5 Simple Steps to a DIY Professional Headshot

By Heather Carnes • May 2, 2017

Heather Carnes, Naylor Association Solutions
Heather Carnes, Naylor Association Solutions

It’s been talked about before, but we’re going to take a refresher on one of the most important components of your personal and professional branding: The dreaded professional headshot.

I’m sure we can all agree that most of us don’t like taking pictures of ourselves unless they include our favorite destination, are shot with our favorite people, or contain some other significant thing that takes the focus off ourselves. But this one photo is one of the most important things we can add to our personal-branding arsenal.

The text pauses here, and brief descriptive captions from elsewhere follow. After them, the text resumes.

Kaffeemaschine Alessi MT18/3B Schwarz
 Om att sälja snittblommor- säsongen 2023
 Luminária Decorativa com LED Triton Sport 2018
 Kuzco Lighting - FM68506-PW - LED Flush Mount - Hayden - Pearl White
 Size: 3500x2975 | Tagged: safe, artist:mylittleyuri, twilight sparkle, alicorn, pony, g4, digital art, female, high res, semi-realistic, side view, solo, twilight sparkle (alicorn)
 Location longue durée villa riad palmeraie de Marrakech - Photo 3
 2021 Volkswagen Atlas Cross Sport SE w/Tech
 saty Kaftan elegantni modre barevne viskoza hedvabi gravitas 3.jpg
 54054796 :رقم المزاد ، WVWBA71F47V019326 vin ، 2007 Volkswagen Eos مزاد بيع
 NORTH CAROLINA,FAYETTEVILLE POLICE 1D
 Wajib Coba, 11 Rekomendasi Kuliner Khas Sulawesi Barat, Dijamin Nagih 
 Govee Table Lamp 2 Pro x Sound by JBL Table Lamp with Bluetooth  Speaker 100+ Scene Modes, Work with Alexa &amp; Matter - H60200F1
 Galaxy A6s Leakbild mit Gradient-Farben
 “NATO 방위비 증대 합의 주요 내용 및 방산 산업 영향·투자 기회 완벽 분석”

Beyond first impressions and allowing others to gauge how seriously you take your online presence, your professional headshot is one of the best and most telling ways to present yourself to the world, and it should accurately reflect the image you’re trying to portray.

In a time when technology is at everyone’s fingertips, there’s no excuse to not have a professional-looking headshot – even if you’re not ready to invest in a professional photographer, although that’s the preferred choice if you’re able to go that route. With the proliferation of high-quality phone cameras, techy photo-editing apps, and a few tips to get the right shot in the right light, you can create a professional-looking headshot in less than five minutes. I’ll tell you how to do it.

1. Polish yourself.

You want to look your best, but you also want to look like you didn’t come from a 90s-era Glamour Shot photoshoot. Consider solid-color clothing without patterns, which are busy and distract from your face. Dress for your role, but don’t be too stuffy. When considering tops, the most flattering are dark-colored, which put the attention on your face and eyes. For ladies, hair should be neat and makeup should be natural-looking. Avoid big jewelry, but keep true to your own style.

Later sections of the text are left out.